# Three photos (2 from Brazil, one from Dia de los Muertos)



## AfroKen (Dec 28, 2009)

Hey everyone!!  I'll take a turn here and show you three photos that I've taken this year.  Some people on this forum helped me to get the antique effect on the third photo here.  Anyway, hopefully you dig 'em, and if you don't, please don't be too mean.
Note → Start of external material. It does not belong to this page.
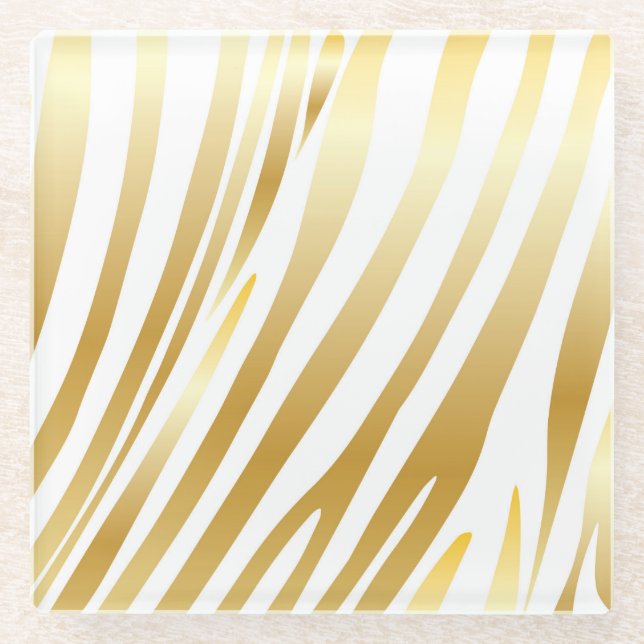 Dessous-de-verre En Verre Zebra Stripes Motif Or Design tendance (Devant)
Eleven Shadows Travels:* Brazil 2009
Rio Mamori in the Amazon, Brazil, Summer 2009







Eleven Shadows Travels:  Brazil 2009
Salvador, Brazil, Summer 2009








Eleven Shadows Travels: Dia de los Muertos, Hollywood Forever 2009
Los Angeles, Dia de los Muertos, October 2009


----------



## Al-Wazeer (Dec 28, 2009)

LOVE THE FIRST PHOTO.


----------



## PatrickHMS (Dec 28, 2009)

Love the first one,

Like the second one,

Third one reminds me of "The Three Amigos"


----------



## Vacheron (Dec 28, 2009)

I choose the first one...such a wonderful color!


----------



## stevewang (Dec 31, 2009)

i like the first one .so beautiful.


----------



## Melissa007 (Jan 23, 2010)

I feel like I cansee into the soul of the little girl... I love this pic.


----------



## TiaS (Jan 23, 2010)

these are great


----------



## anthonydamario (Jan 23, 2010)

I love the first one I just wish there was much less noise.


----------